Task requirements:
Where the line containing "Batana Oil Hair" appears, start copying; continue through the last line below and copy nothing else.

Collected data entries
__________

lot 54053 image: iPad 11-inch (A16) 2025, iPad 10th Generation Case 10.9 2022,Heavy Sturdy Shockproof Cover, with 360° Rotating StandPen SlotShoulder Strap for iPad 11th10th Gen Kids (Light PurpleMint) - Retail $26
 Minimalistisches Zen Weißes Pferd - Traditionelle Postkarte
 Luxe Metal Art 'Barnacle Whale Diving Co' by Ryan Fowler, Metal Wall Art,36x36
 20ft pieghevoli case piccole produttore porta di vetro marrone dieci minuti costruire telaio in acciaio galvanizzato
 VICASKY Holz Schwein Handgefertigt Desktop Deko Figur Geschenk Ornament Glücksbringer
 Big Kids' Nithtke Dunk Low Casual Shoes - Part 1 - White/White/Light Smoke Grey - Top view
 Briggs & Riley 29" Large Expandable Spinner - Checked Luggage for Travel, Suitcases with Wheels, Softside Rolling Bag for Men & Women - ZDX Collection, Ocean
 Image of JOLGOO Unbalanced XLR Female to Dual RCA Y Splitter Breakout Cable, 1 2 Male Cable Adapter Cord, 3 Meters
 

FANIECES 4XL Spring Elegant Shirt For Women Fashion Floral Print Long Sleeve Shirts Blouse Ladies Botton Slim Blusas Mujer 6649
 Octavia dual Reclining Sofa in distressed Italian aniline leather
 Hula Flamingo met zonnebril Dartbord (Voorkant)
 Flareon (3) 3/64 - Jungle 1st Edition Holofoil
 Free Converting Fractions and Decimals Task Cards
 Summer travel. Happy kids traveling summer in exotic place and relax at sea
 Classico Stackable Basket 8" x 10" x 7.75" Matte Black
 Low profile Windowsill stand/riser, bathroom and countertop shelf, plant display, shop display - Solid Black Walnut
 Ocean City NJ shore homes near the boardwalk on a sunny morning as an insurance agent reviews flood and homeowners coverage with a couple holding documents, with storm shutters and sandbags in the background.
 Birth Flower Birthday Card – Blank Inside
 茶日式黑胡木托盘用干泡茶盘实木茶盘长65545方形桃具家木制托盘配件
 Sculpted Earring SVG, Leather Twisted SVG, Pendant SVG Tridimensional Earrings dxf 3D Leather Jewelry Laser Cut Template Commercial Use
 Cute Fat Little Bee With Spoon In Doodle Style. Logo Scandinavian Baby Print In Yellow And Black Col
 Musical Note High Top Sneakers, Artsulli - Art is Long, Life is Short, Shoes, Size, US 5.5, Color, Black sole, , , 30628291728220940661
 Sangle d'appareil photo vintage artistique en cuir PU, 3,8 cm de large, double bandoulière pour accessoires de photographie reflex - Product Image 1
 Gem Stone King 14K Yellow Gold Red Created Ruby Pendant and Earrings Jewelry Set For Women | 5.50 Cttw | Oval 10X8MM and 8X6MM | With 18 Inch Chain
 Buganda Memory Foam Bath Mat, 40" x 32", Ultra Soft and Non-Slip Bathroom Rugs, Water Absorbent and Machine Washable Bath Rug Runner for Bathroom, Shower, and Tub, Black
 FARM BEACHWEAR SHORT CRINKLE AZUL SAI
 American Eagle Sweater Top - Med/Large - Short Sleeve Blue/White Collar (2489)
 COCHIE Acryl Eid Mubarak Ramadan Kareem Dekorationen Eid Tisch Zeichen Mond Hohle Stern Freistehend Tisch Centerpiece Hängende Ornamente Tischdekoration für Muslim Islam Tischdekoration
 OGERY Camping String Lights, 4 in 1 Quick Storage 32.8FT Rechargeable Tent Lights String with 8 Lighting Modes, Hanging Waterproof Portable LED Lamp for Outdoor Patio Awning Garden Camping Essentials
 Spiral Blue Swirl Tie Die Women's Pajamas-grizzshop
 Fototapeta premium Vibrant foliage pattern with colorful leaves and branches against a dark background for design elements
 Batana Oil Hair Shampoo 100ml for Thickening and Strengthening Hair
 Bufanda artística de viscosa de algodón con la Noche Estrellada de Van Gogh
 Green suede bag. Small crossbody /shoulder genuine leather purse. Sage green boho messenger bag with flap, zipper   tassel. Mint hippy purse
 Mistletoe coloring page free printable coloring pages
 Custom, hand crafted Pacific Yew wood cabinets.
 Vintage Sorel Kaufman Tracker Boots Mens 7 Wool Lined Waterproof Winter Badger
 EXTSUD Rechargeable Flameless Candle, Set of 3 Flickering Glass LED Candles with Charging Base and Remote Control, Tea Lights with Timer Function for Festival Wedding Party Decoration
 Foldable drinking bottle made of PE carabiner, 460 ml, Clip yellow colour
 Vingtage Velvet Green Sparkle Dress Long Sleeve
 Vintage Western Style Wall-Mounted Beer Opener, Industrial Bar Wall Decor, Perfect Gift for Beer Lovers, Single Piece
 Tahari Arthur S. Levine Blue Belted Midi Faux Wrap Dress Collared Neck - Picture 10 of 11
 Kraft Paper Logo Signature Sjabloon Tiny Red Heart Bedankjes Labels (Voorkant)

__________

Expected answer:
 Batana Oil Hair Shampoo 100ml for Thickening and Strengthening Hair
 Bufanda artística de viscosa de algodón con la Noche Estrellada de Van Gogh
 Green suede bag. Small crossbody /shoulder genuine leather purse. Sage green boho messenger bag with flap, zipper   tassel. Mint hippy purse
 Mistletoe coloring page free printable coloring pages
 Custom, hand crafted Pacific Yew wood cabinets.
 Vintage Sorel Kaufman Tracker Boots Mens 7 Wool Lined Waterproof Winter Badger
 EXTSUD Rechargeable Flameless Candle, Set of 3 Flickering Glass LED Candles with Charging Base and Remote Control, Tea Lights with Timer Function for Festival Wedding Party Decoration
 Foldable drinking bottle made of PE carabiner, 460 ml, Clip yellow colour
 Vingtage Velvet Green Sparkle Dress Long Sleeve
 Vintage Western Style Wall-Mounted Beer Opener, Industrial Bar Wall Decor, Perfect Gift for Beer Lovers, Single Piece
 Tahari Arthur S. Levine Blue Belted Midi Faux Wrap Dress Collared Neck - Picture 10 of 11
 Kraft Paper Logo Signature Sjabloon Tiny Red Heart Bedankjes Labels (Voorkant)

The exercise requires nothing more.